Me acerqué y me arrodillé de manera que pudiera verme cómo le daba tratamiento a su verga, con mis labios recién pintados y tratando de levantar las nalgas para que pudiera ver mi tanga con el moñito color rojo que sabía le iba a encantar. Tomé su verga con mis manos y le marqué el primer beso en la cabeza en forma de hongo de su vibrante verga. Empecé a dejar marcas de mis labios en todo su miembro y él no dejaba de verme de la forma en que le besaba su verga. Así, nenita, así… mmmmmm… que rico lo haces, putita mía… sigue.. sigue así… ahhhhhhh… de reojo veía su reacción y más me esmeraba en lamer su rica tranca, mi lengua recorría todo su miembro viril desde los testículos hasta la cabeza en forma de hongo, pasaron varios minutos en que le di ese trato a su rica verga y yo golosa y cachonda como me sentía no quería parar, sentía mucho placer el tener esa verga en mi boca y en mis manos y sabía el placer que le estaba dando a “mi amante”, que precisamente eso era lo que me hacía sentir hembra de verdad.

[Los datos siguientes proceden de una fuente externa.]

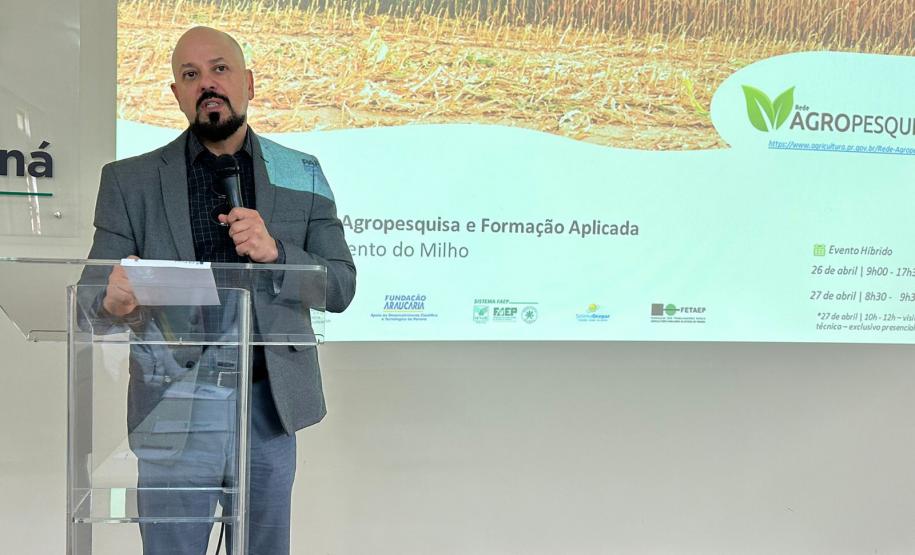 Encontro em Londrina formaliza rede de pesquisa que vai combater enfezamento do milho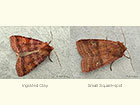  73.333 Ingrailed Clay and Small Square-spot Copyright Martin Evans 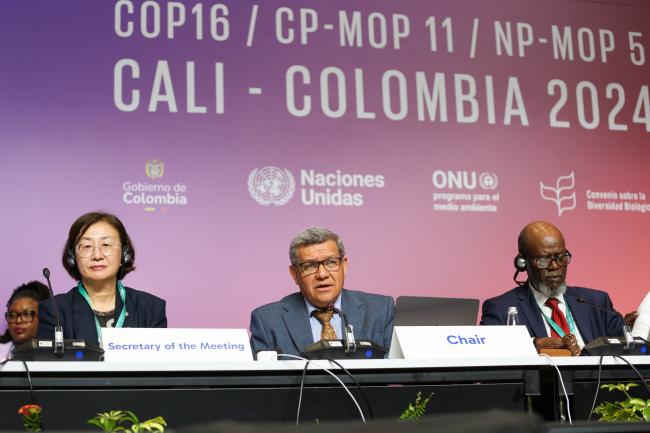 From L-R: Working Group II Secretary Jihyun Lee; Working Group II Chair Hesiquio Benítez Díaz, Mexico; and Taukondjo Shikongo, CBD Secretariat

“Veo que te gusta mamar mi verga como una rica putita, chiquilla mía”. Asentí que sí aún con la boca llena de su enorme falo. Espera, me dijo, quiero que te levantes y te vuelvas a acomodar como al principio pero ahora de frente. Extrañada le dije que cómo. Me levantó y me hizo que me arrodillara enncima del sofá pero ahora viendo de frente de manera que mis nalgas se recargaran en el respaldo del sofá. Hice lo que me ordenó y, tomando de nueva cuenta su verga con sus manos, me la llevó a la boca, de manera que pudiera meterla al ritmo que el quisiera. Golosa abrí la boca esperando que él la pudiera meter hasta donde mi garganta lo pudiera recibir, no se pudo contener de verme así con las nalgas paraditas y con la tanga roja que todavía tenía puesta aún, sentí que me ahogaba por un momento cuando la mayor parte de su verga entró en mi boca cuando se apoderó de mis calientes nalgas y me las oprimió. “Ahhhh, que ricas nalgas de puta tienes chiquita”, exclamó. Traté de sacar un poco su verga de mi boca para decirle: “son tuyas, mi amor”. Pero solo se oyó como un susurro, su verga taladraba mi garganta al ritmo que a él le gustaba, en un momento dejó de acariciarme mis candentes nalgas para llevar sus manos a mi cabeza y, simulando que mi boca se convirtió en una vagina, empezó a “cogerme” por la boca.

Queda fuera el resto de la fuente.